Let ε be something very small, and define the difference operator d so that (df)(x) = f(x + ε) - f(x). Usually we don't want to handle the functions dx and dy by themselves, because they are so small, and their exact values depend on ε. But when we divide dy by dx we get something that is no longer ε-sized, and doesn't (in a limit sense) depend on the value of ε.

And why think way? When I learned the chain rule dy/dx = dy/du * du/dx I was told that even though the du's appear to cancel out, this is just abuse of notation and basically a meaningless coincidence. I understand that the teachers just wanted students to be careful; they don't want people "simplifying" dx/dy to x/y. However, I was never really satisfied with this explanation. I finally realized that by thinking about it using the difference operator above, it is not a meaningless coincidence: the du's actually do, in a sense, cancel out.

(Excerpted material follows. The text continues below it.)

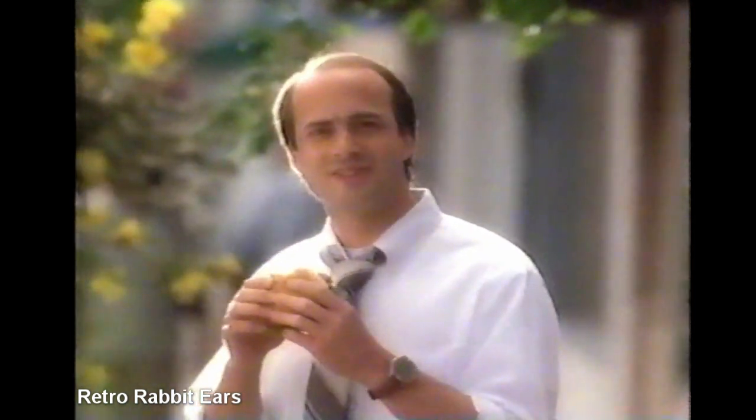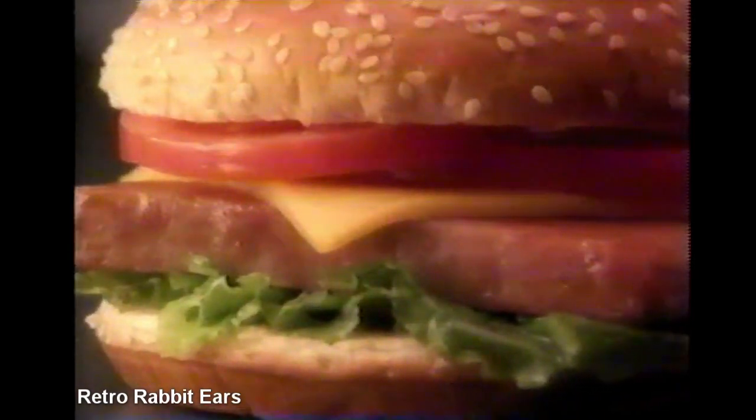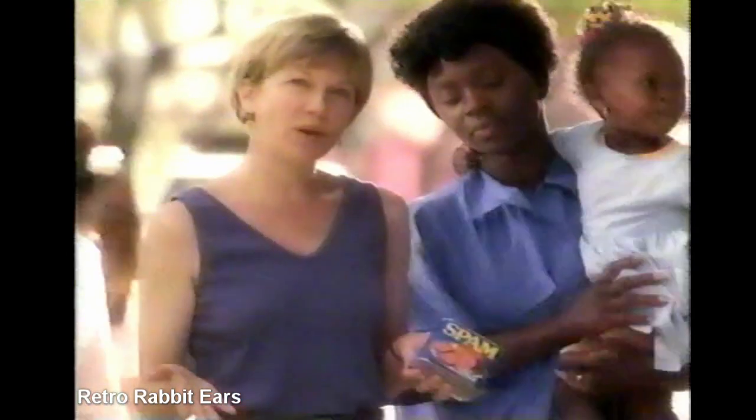Tastes pretty good. What kind of hamburger is this? Spamburger Hamburger. Oh, I see. You cut it this way and it makes three quarter pound burgers. That's a good deal.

[+] mrottenkolber|9 years ago|reply

This a thousand times. I boycott math notation. My most memorable math moments are:

- giving a talk on notation in high school (I was not tasked to do this, I decided to do it on my own) because I was FREAKED OUT by how we were using tons of symbols nobody had ever explained or defined

- converting all Math I encountered in University to Common Lisp programs to get rid of the shit notation

- bursting into crazy laughter when after five algebra lectures the prof notices that the students parse his notation differently than he does

Give it names, use S-Expressions.

[+] nabla9|9 years ago|reply

I had the similar experience when I started to learn math, even the Common Lisp part. I knew how to program from young age and I thought math syntactically. From that mindset it was obviously painful.

But once you really start to understand math, you realize that mathematical notation is not very formal or rigorous. It's shorthand visual help to keep track actual mathematical objects behind the notation. S-expressions are perfect for formal definitions and programming. They are not so good for actually thinking mathematics. Mathematical notation can be dense and contain lots of information.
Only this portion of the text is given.